The idea was brought up that multiple web servers should have multiple DB servers, to eliminate single point of failure. I would really like to have a duplicate set up at each data center. I would have a web server, and a DB server at each data center. I was not sure if this was possible, so I stayed open to the idea of having only one DB server, or have all DBs at one location. But ideally, each data center would have its own.

Anthony D
  • 145
  • 1
  • 8
  • 1
    Well, if you really have the need for redundancy then you would want multiple database servers as well. Otherwise, the single database is another single point-of-failure. – Charles Hooper Oct 07 '09 at 14:15

2 Answers2

3

I have recently tried to figure that out as well for a similiar project. What I did find is that it is not that easy. There are several open-source and commercial alternatives when it comes to replication. However, most of them doesn't support multiple master-master solutions, and quite a lot of them are hard to maintain and setup.

You have some alternatives to go forward, depending on how your web-application is setup and how much redundancy you need. The easiest one is probably doing a warm standby (that functionality is already included in version 8.3), but in a event of a crash, you will have a downtime.

Other replication solutions that I have looked at include:

Out of those, I found Bucardo the most interesting since it supports master-master (not multi though), and seems to be quite easy to setup.

Slony is a bit hard to setup and also requires a lot of maintanance when updating tables (DDL changes are not replicated), and is also only a master-slave, which means that you can only write to one database.

PgCluster doesn't seem to be maintained and doesn't really give a serious impression with the documentation and website (the website haven't been updated since 2005).

Jimmy Stenke
  • 196
  • 3
1

Doing global round robin via DNS can cause your connections to be non-persistant.

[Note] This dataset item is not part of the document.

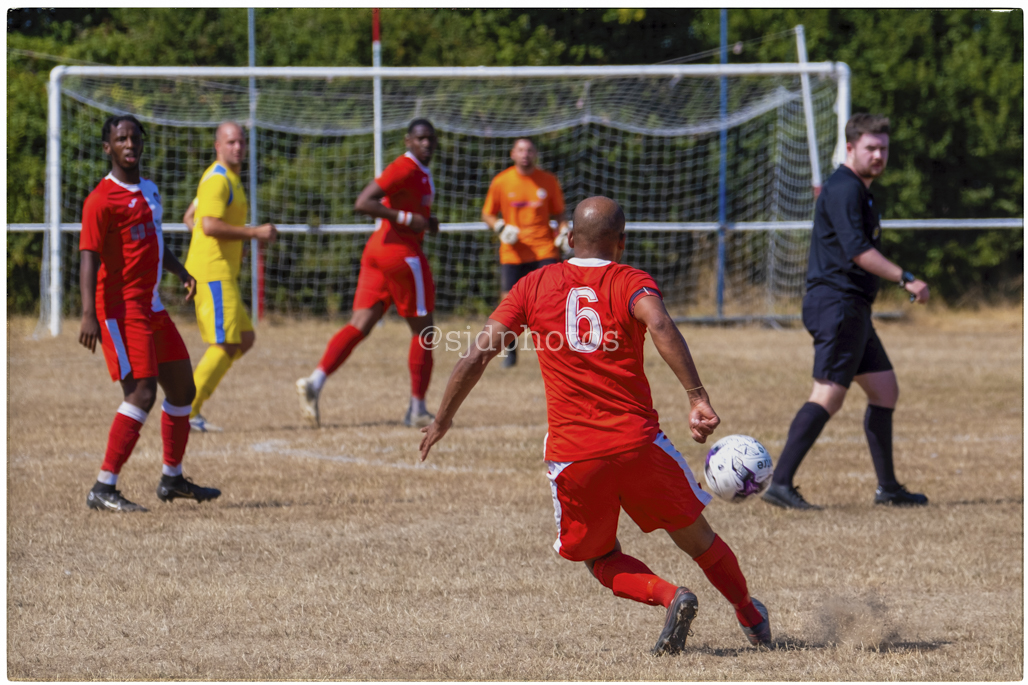 SjdDear's tweet photo. On a scorched pitch, red hot Folland sports put 3 to 1 against Newport fc @Newport_IW_FC @islandecho @WessexLeague @FollandSportsFC @EnglandFootball @HampshireFA @hmdrudge  @newportFan123 https://t.co/bG883pAQ3S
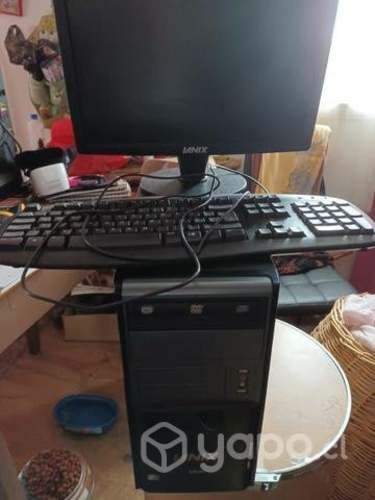 computador de escritorio antiguo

If your code isn't node aware, you should expect writes on any of the replicated databases.

You can do a multi-master replication setup with a couple of solutions. I've used PgCluster before with good success. There's also an interesting looking project over at Postgres-R.

Keep in mind consistency is your enemy here. If you write to one node, then read from another, your request may beat your commit to the other database.

If the bulk of your queries are reads, you could set up a normal replication scheme, and then have your code do writes to a central master database. It's more work, but it makes the consistency issue easier to deal with. You could use something like Slony to do 'normal' replication.

Edit: I agree with the comments about PgCluster being hard to set up and having bad docs! I didn't link to them as their site is down as I write this.

kordless
  • 155
  • 4